Krakow — Day 1

Elisa and I took the overnight train from Prague to Krakow. Compared to what I was expecting, we had a roomy comfortable compartment. The lady that sold us our tickets had misunderstood us though, so we were only in possession of a ticket upgrade instead of a real ticket. We were thankful that we had enough cash on us to buy our tickets from the conductor. During the night we worried that we would sleep too long and miss Krakow. Every time the train stopped we would both wake half-way up and listen for whether we had arrived. Finally I remembered to set an alarm so I could just rest for the last few hours of the trip.

Krakow didn’t impress us very well. We arrived at 6 am so the town was dead. We were pretty tired too. Our first sight-seeing destination was the old Wawel castle in the middle of Old Town. We took the kind of tour that always drives us nuts: everyone walks really slowly through an old building, learning uninteresting facts about faded tapestries (which weren’t even from Poland to begin with). I was not a happy person. We decided not to go through the other two exhibits we had already paid for because they were so stinking boring. What a waste! But we did go through into a pretty cathedral and climbed up its bell tower. The bells were enormous! After that we hiked down into a cave where their legends of dragons have come from.

Next Elisa and I checked in to our hotel and took a nap for a couple hours. Our original hotel had been over-booked and they sent us across town to a different one. We kind of missed out on the prime time for seeing the city.
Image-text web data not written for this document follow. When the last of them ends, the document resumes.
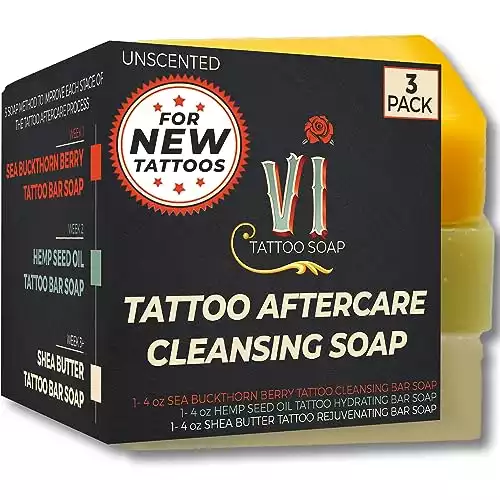 VI Tattoo Soap- Tattoo Aftercare Soap, Gentle Formula for Care & Cleansing of New Tattoos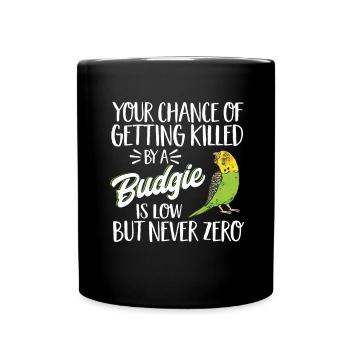 Budgerigar Perruche Oiseau Cadeau pour animaux de compagnie - Mug uni - noir - Devant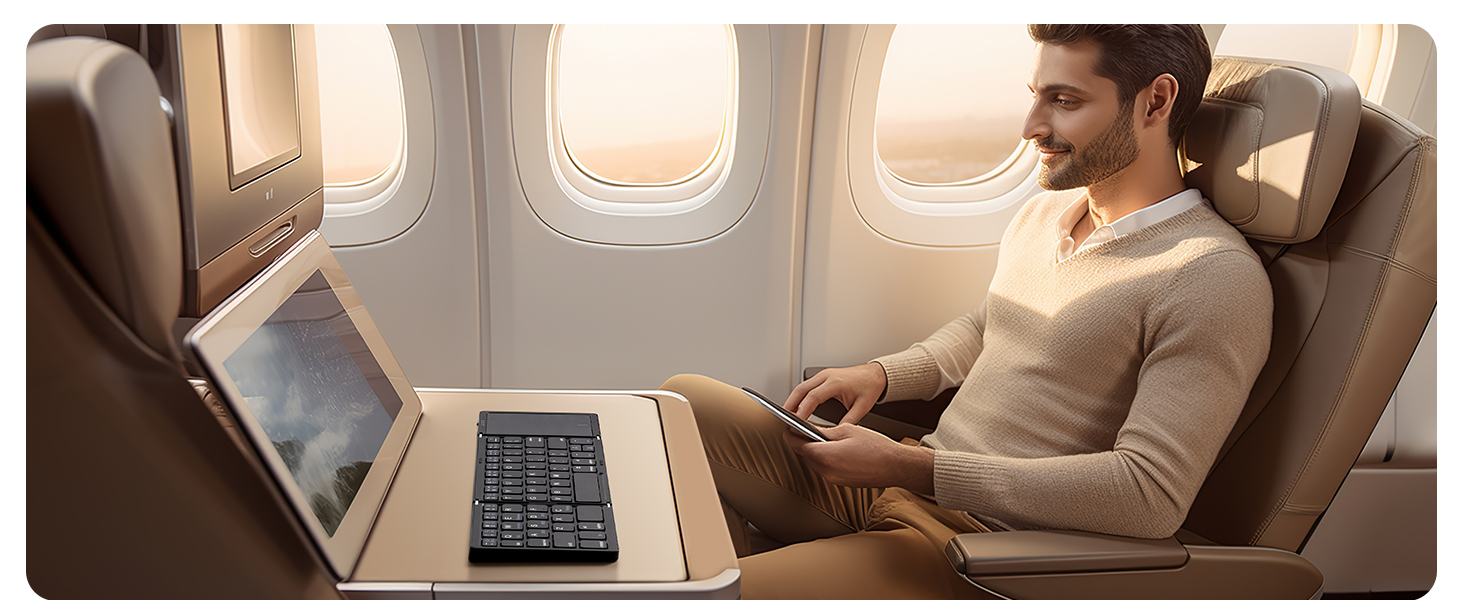 Foldable Bluetooth Keyboard with Trackpad, Full-Size Portable Pocket-Sized Wireless Travel Keyboard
But we were exhausted. Then in the evening we went out again for food and window shopping. We were hoping that there would be a lot more sightseeing that would be fun for us. We were also hoping to have more luck finding some local amber jewelry. Only about half of the shops we have seen have people that are nice to us and/or speak English. My first impressions of Poland have been kranky people in a city that still has not recovered from the World Wars and communism.

We discovered another pet-peeve of mine–city names. It is so dumb that we do not learn the real names of cities. Instead we learn the Anglicized names. We went to Wien, Praha and Kraków on our trip. Why do Americans call them Vienna, Prague and Cracow?